Provided data: Begin
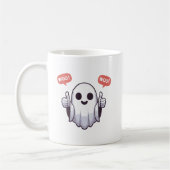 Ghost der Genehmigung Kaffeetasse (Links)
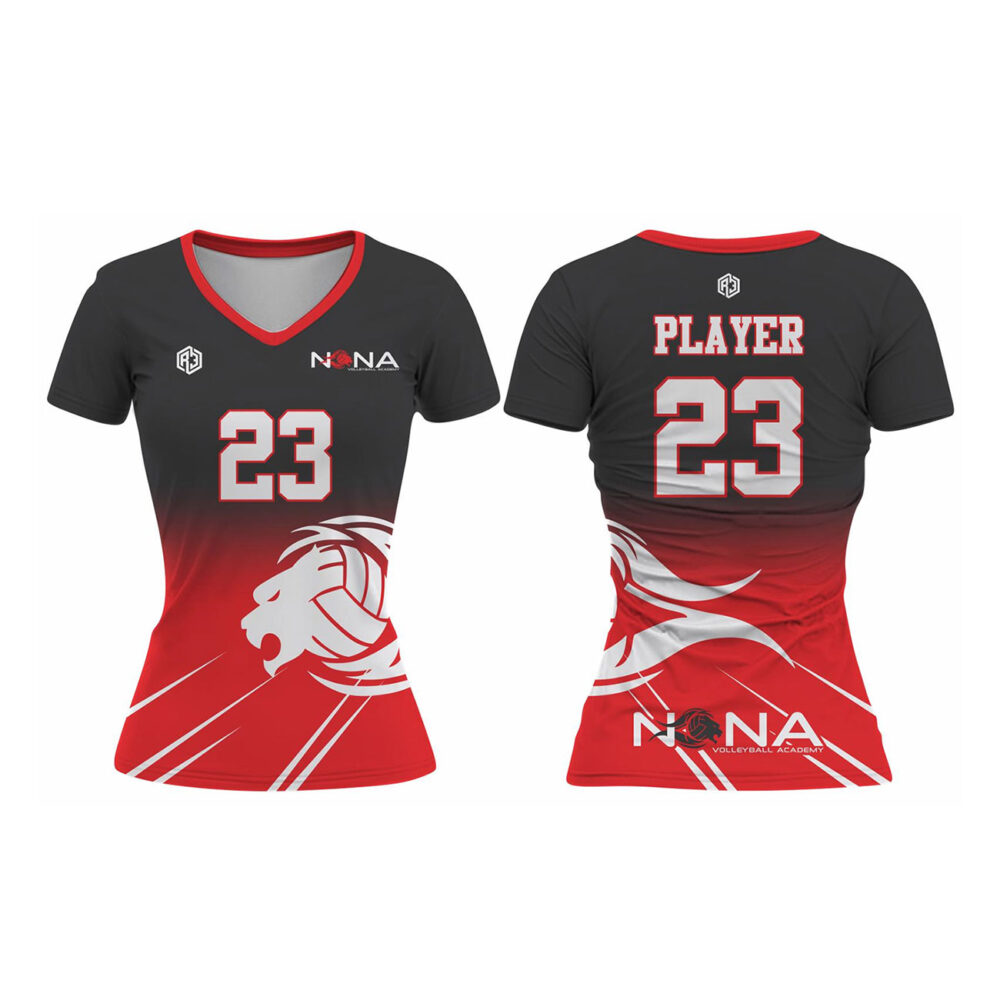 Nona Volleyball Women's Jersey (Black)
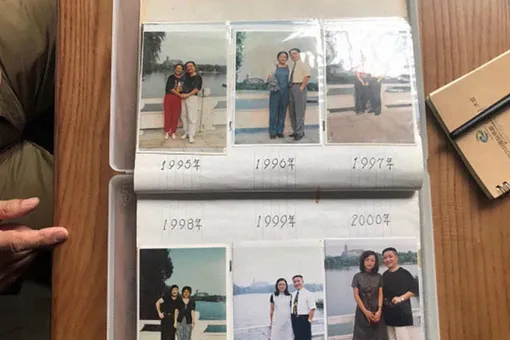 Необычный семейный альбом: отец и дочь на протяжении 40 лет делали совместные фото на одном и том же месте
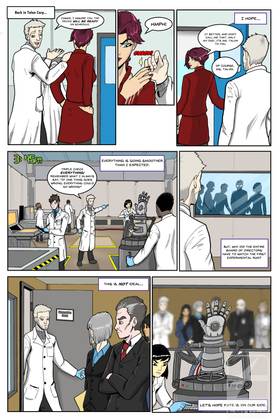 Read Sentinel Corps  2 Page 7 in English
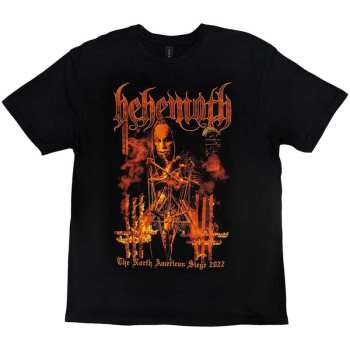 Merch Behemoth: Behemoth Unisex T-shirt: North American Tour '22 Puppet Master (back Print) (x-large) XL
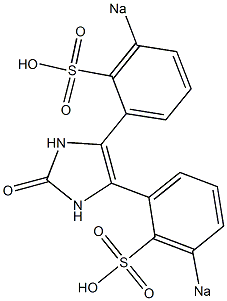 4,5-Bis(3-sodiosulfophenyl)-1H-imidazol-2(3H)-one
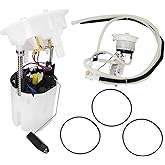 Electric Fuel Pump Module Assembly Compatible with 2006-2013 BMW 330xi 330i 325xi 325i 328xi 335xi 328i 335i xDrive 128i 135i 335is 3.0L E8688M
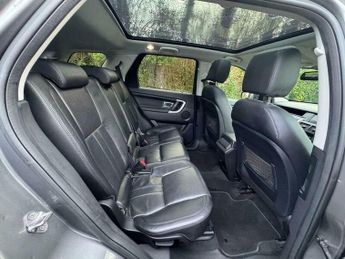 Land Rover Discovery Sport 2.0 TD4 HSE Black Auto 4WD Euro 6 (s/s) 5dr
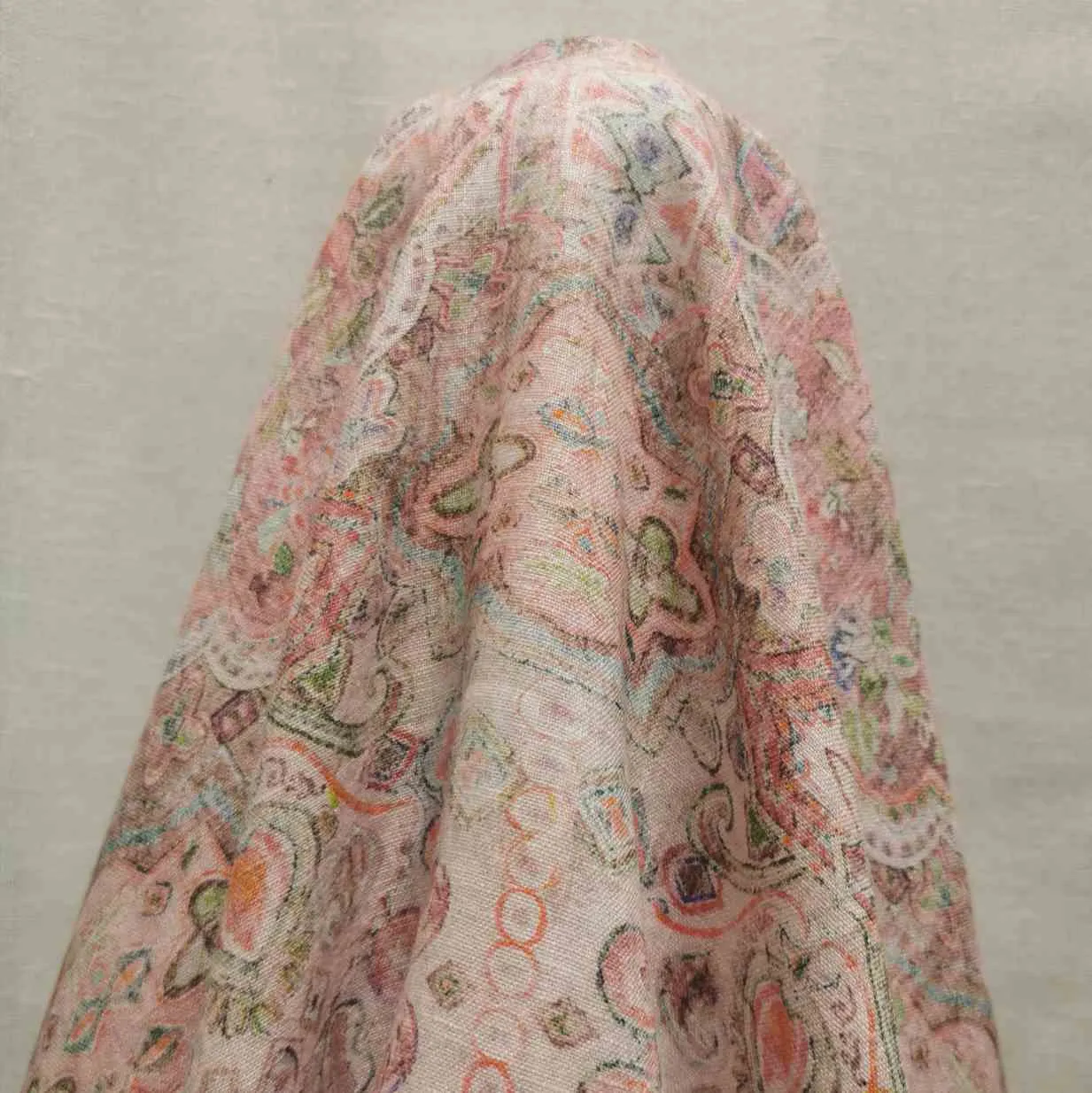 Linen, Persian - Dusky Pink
Provided data: End
Provided data: Begin
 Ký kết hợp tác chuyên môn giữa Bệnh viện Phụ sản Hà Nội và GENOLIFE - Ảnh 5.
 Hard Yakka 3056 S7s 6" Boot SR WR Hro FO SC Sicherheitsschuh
Provided data: End
## Work required
Output exactly the lines above, beginning at the one with "Необычный семейный альбом: отец" and stopping after the one with "Linen, Persian - Dusky Pink". Pictures are to be omitted.

## Answer to the problem
 Необычный семейный альбом: отец и дочь на протяжении 40 лет делали совместные фото на одном и том же месте
 Read Sentinel Corps  2 Page 7 in English
 Merch Behemoth: Behemoth Unisex T-shirt: North American Tour '22 Puppet Master (back Print) (x-large) XL
 4,5-Bis(3-sodiosulfophenyl)-1H-imidazol-2(3H)-one
 Electric Fuel Pump Module Assembly Compatible with 2006-2013 BMW 330xi 330i 325xi 325i 328xi 335xi 328i 335i xDrive 128i 135i 335is 3.0L E8688M
 Land Rover Discovery Sport 2.0 TD4 HSE Black Auto 4WD Euro 6 (s/s) 5dr
 Linen, Persian - Dusky Pink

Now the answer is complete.